Namun yang perlu dicermati bahwa apapun yang dilakukan di dalam program televisi tersebut sebetulnya hal yang memang wajib dilakukan bagi lembaga kepolisian. Artinya bukan suatu yang luar biasa. Mengingat fungsi lembaga kepolisian sebagai aparatur negara yang bertugas dalam bidang perlindungan, pelayanan, pengayom masyarakat dan penegakan hukum.
Dalam krisis ekonomi global akhir-akhir ini, kekerasan dapat mudah dipicu, khususnya pada negara dunia ketiga seperti Indonesia. Misal dengan abainya negara dalam rangka mengambil kebijakan yang tepat dalam melindungi hak-hak yang telah melekat dalam prinsip kewarganegaraan (act by omission), umumnya berdimensi ekonomi, sosial, dan budaya.

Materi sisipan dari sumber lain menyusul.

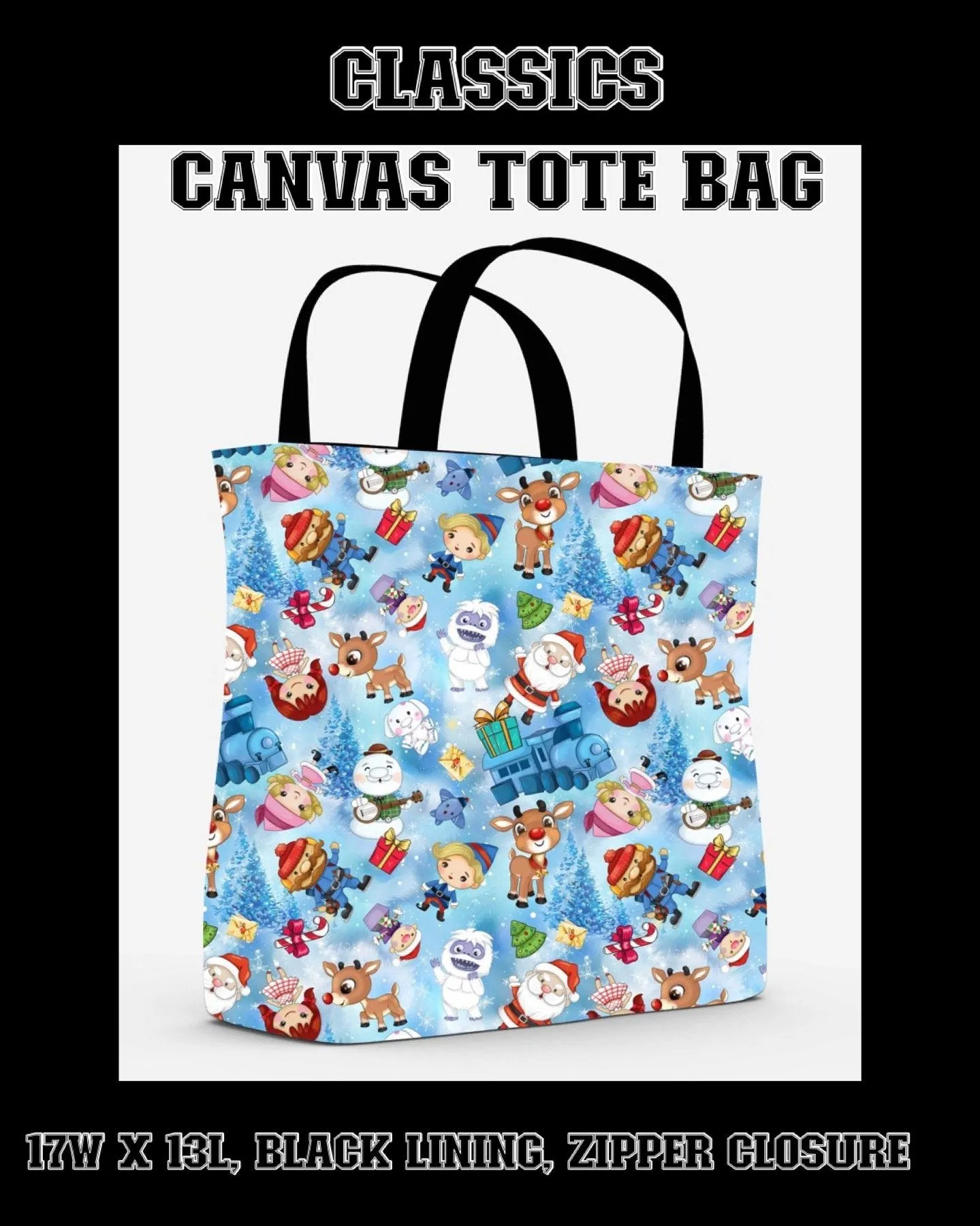 Classics Tote Bag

Kemudian, lahirnya sejumlah kebijakan yang tidak memberikan perlindungan spesifik dan memenuhi kebutuhan rakyat berimplikasi pada meningkatnya represifitas (act by comission) yang berdimensi sipil dan politik.

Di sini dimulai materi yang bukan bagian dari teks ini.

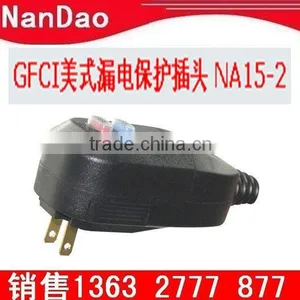 8A 10A 13A 15A 20A GFCI Receptacle ETL Certification thumbnail-1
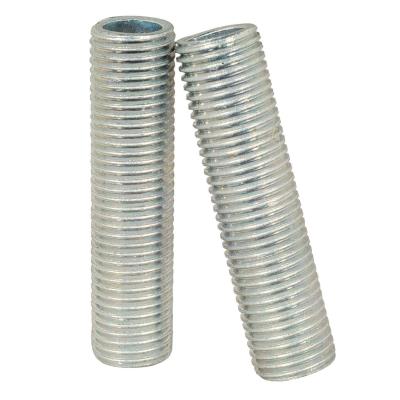 Westinghouse Lighting 7060100 zinc plated steel nipples 4 pack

Ditambah lemahnya kepemimpinan politik kita dalam melindungi, memenuhi, dan menghormati hak-hak warga negara. Transisi demokrasi yang tidak serius dan justru menghasilkan masalah-masalah baru. Sehingga kekerasan cenderung masif dilakukan. Baik yang dilakukan secara terbuka maupun secara tertutup. Kekerasan yang dilakukan oleh aparat kepolisian terhadap aksi massa menolak kebijakan pemerintah menaikan harga bahan bakar bersubsidi dapat dijadikan sebagai contoh.
Menaikan harga bahan bakar bersubsidi dirasa keliru karena telah memicu berbagai respon negatif dari masyarakat. Khususnya bagi masyarakat dari kelas menengah ke bawah yang terkena dampak langsung. Dapat dikatakan bahwa negara telah abai melindungi hak ekonomi warganegaranya, yakni hak untuk mendapatkan kesejahteraan dan mendapatkan kehidupan yang layak.

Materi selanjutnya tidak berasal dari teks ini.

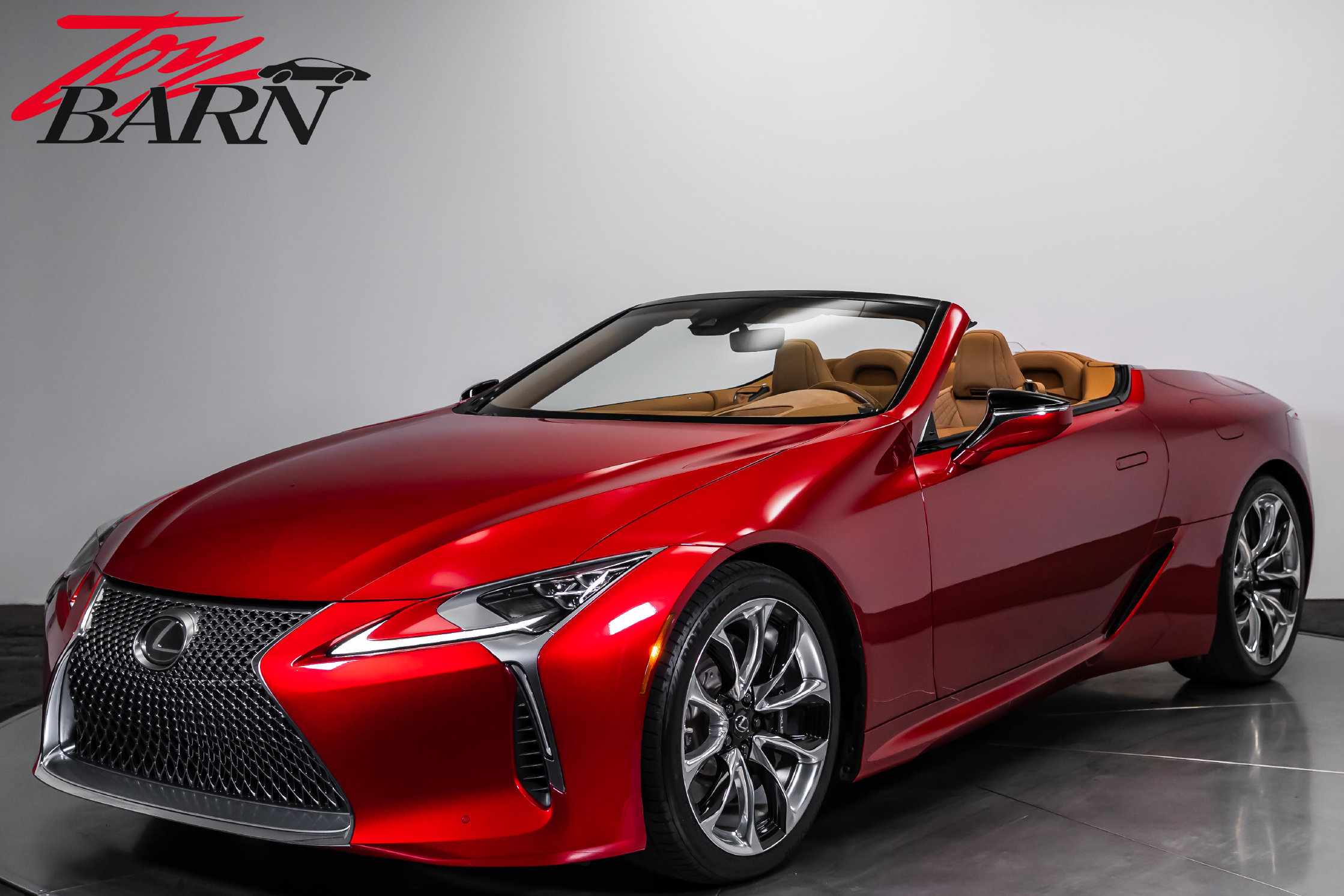 Used 2022 Lexus LC 500 Convertible w/ Touring Package RWD 360° Tour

Selain itu, kurang terakomodasinya aspirasi dari masyarakat atas kebijakan yang dikeluarkan oleh pemerintah telah memicu konflik antara masyarakat dengan aparat kepolisian. Hal tersebut juga akan berdampak pada runtuhnya wajah lembaga kepolisian. Polisi tak lagi menciptakan rasa aman, nyaman dan justru menciptakan situasi yang mencekam.
Maka, pemerintah perlu mencabut kebijakan menaikan harga bahan bakar bersubsidi ini. Presiden Jokowi seharusnya mampu mengakomodir aspirasi masyarakat jika ia memang benar-benar pemimpin yang berasal dari rakyat sebagaimana yang sering digembor-gemborkan. Bukannya menghadapi aspirasi masyarakat dengan tindakan kekerasan.[]
*Saat menulis catatan ini, penulis ditemani aroma dupa Sakura, ole-ole dari Zulkifli Songyanan.